Every morning, I write my gratitude. Lest I offend my disgruntled waking eyes, only one small desk lamp illumines the leather chair in my office. I begin by writing the date in Shaeffer red with a fountain pen that I have dedicated to this color. Then I write at least one paragraph in sepia, beginning with the words “I am grateful for…”

I concentrate on concrete, specific goods rather than abstractions such as “peace” or “prosperity.” I am grateful for seeing the brightness on the face of my seven-year-old son as he rides his new bike around the block. I am grateful for the shock of mauve among otherwise still barren trees as I go on my walks and see the first redbuds of the season. I am grateful for the enthusiasm that my children bring to learning French and German, that their education is not something I must force or cajole them into. I am grateful for the savor of creamy white wine sauce mixed with a lemon acidity in the shrimp and pasta dish that my wife so skillfully prepares for our dinner. I am grateful for the stained-glass ultramarine in the mantle of Our Lady which always seems to grab my attention at mass.

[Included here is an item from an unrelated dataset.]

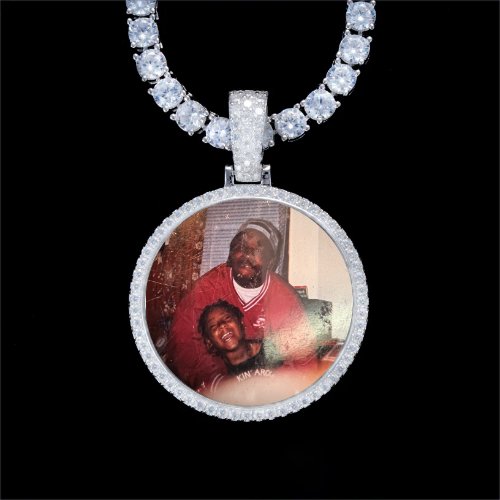 925S & VVS Moissanite 3D Circle Custom Picture Pendant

I undertake this exercise each morning—whether my sluggish waking consciousness especially feels like it or not—because I have experienced the way that gratitude grounds numerous other virtues in a flourishing life. A day begun in gratitude is a day begun with a humble, receptive stance toward goodness and beauty. Gratitude has a way of melting bitterness, resentment, and depression. Even if one cannot bring oneself to be grateful for a person or circumstance that is giving one trouble, gratitude for unrelated things clears the air of the soul, cutting through and driving away the smog. If you cannot be grateful because it’s the right thing to do, at least be grateful because it will make your day significantly more pleasant.

The stance of gratitude is really a stance toward two things at once: the gift and the giver. First, one must look closely at the gift and take it seriously rather than taking it for granted. One must truly appreciate its goodness, both in itself and in the benefit it brings to one’s life. Hence, the discipline of gratitude is an education in learning to see beauty. Second, gratitude must look to the giver, acknowledging the ultimate source of all good things in their transcendent ground and receiving the present gift in the spirit in which it is given: the infinite love of God. Hence, the discipline of gratitude is an education in responding to love with love.

If it were up to me, gratitude would be one of the cardinal virtues. Out of wisdom, courage, prudence, and justice, I would replace justice because there is a good case to be made that justice proceeds from gratitude rather than gratitude from justice. Justice means giving each thing its proper due. It is the right relation to each. One can think of gratitude as simply a species of this broader category, i.e. that which is due when a gift is given. But I would suggest that flipping that understanding around is the better way (or at least illuminates something profound about gratitude). All things are a gift; all people are a gift. I must first be open to receiving them as a gift and responding with gratitude if I am to have any hope relating to them with justice.

I will be able to treat my son with the justice that a father-son relationship calls for when I first receive him with gratitude, when I stop taking him for granted, when I learn to see the irreplaceable goodness of his person. On this basis, I can determine whether it would be just or not to give him an allowance.

A much more difficult case is justice in the ordinary criminal sense. Can I really begin with gratitude toward a thief? Toward a murderer? I cannot and should not be grateful to the thief for his theft or the murderer for his murder. But I can and should be grateful—although this sometimes requires heroic saintliness—to God for the ineliminable goodness of this person’s existence, a dignity and preciousness that can be effaced by evil but never wholly destroyed. Beginning from this grateful stance toward God, justice toward the criminal (and not least toward his victims) can proceed.

As with justice so with much else in our lives. Beginning from a stance of gratitude, the movements of the other virtues flow in an elegant dance. Without gratitude, however, they become stiff and falter if they do not altogether fail. How can I perform well my calling at work if I am ungrateful for my position? How can a student study well in class if he is ungrateful for the privilege of his education? How can I love well my wife if I am ungrateful for all her inestimable worth?

I am grateful, then, for my fountain pen. I am grateful for the dark brown ink and manila paper in the soft lamplight of the early morning. I am grateful even for the disgruntling of my eyes because that disgruntling pushes my soul into an effort of gratitude that little by little teaches me to see the world aright.